Four words that are cause for much joy among fans of the blues as well as many business owners in the Helena-West Helena area:

King Biscuit is back.

And "one of the nation's foremost showcases of blues music" — as it's referred to in its online overview — is ready to party.

Like many other events, the festival shut down for two years due to covid.

"Helena-West Helena and surrounding Phillips County should be bustling this week in preparation for the King Biscuit Blues Festival ... ," according to an Oct. 4, 2020, Democrat-Gazette piece about the effects of the pandemic on the state's Delta region. "There is no cause for joy this year with the cancellation of the festival and only the pandemic blues hang over the area ... ."

There's plenty to be joyful about now. Mavis Staples, The Fabulous Thunderbirds and the Devon Allman Project will headline this year's festival comeback.

The festival takes place for three full days — Thursday-Saturday in historic downtown Helena on the banks of the Mississippi River — but kicks off with a "Warm Up Wednesday," featuring music by Blues Hall of Famer and Arkansas Black Hall of Famer Bobby Rush.
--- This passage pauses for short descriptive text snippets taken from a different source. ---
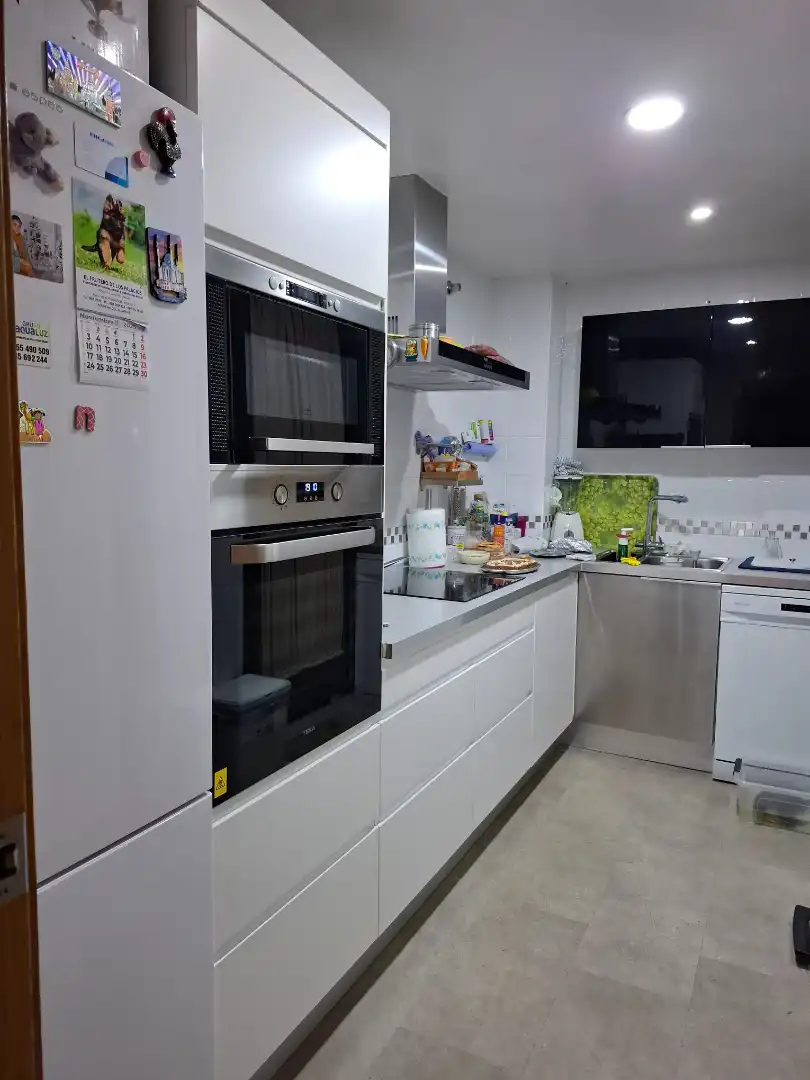Cocina de Piso en venta en Mairena del Aljarafe con Aire acondicionado, Calefacción y Jardín privado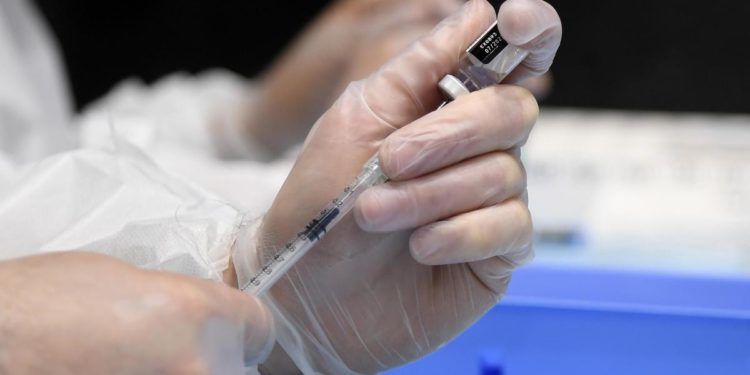 Vaccino covid e quarta dose immunodepressi, ministero: “Al vaglio, ok solo dopo Aifa”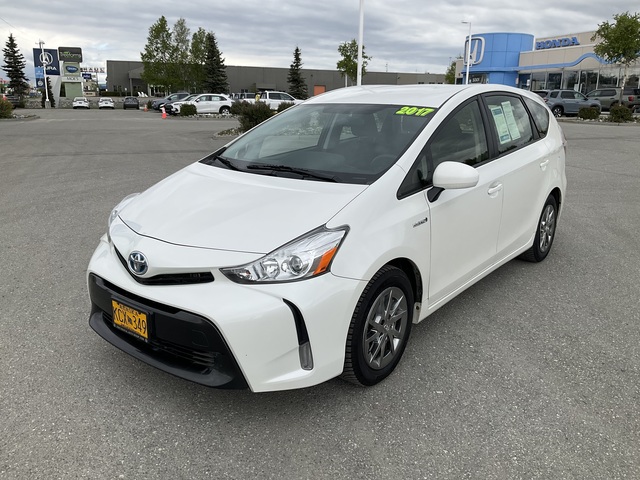 2017 Toyota Prius v (U23090-1)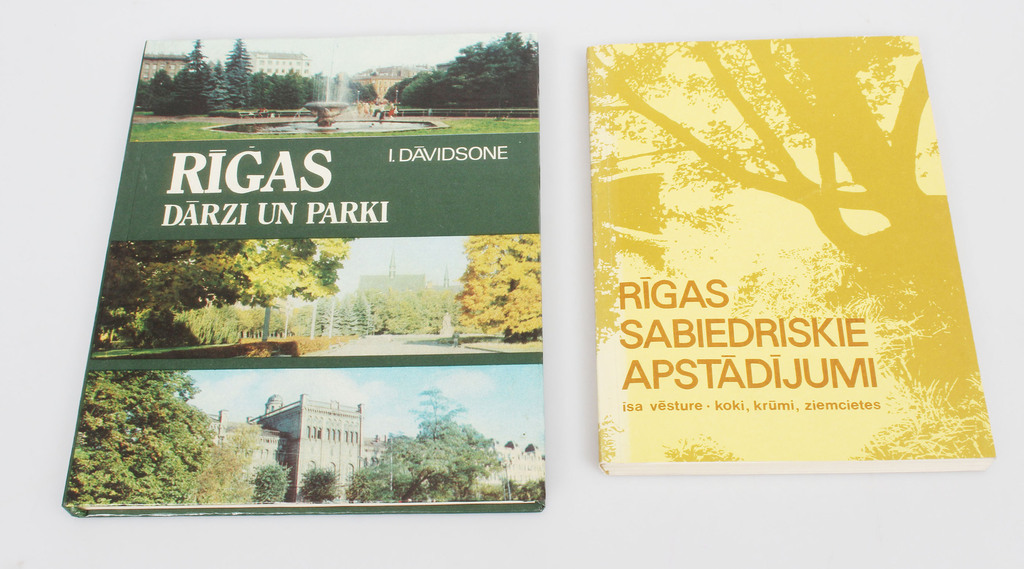 2 grāmatas par Rīgas parkiem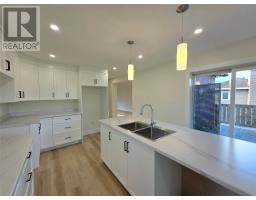 41 MacPherson Avenue thumbnail 9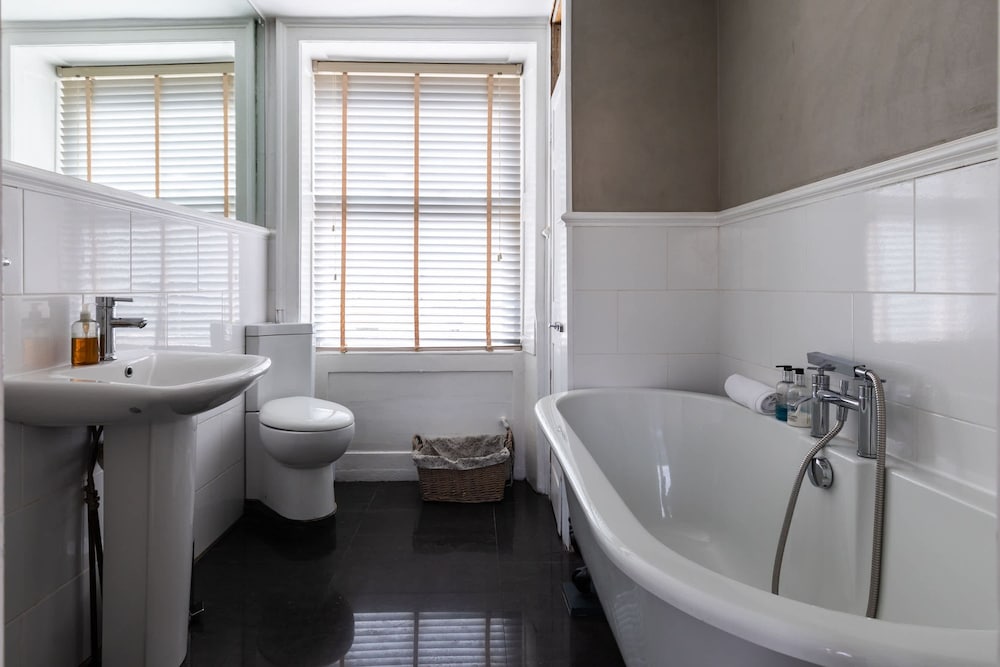 Stylish 4-bedroom Townhouse in the Heart of Bath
Per the others scheduled to appear on those stages, the musician and band names make the event brochure an entertainment source in itself: Austin "Walkin'" Cane. Australia "Honey Bee" Jones. Kenny "Beedy Eyes" Smith Band. The Blue Monday Blues Band. Spoonfed Blues featuring Mississippi Spoonman. Blind Mississippi Morris. Detroit Johnny. Six String Andrew.

"We're saying to everybody ... our theme is 'Welcome Home to Helena. The Biscuit Is Back,'" says Munnie Jordan, executive director of the festival.

There won't be any new event features greeting festivalgoers this year, she says. "We're doing what we normally do, which is action-filled."

[RELATED: King Biscuit Blues Festival schedule of events]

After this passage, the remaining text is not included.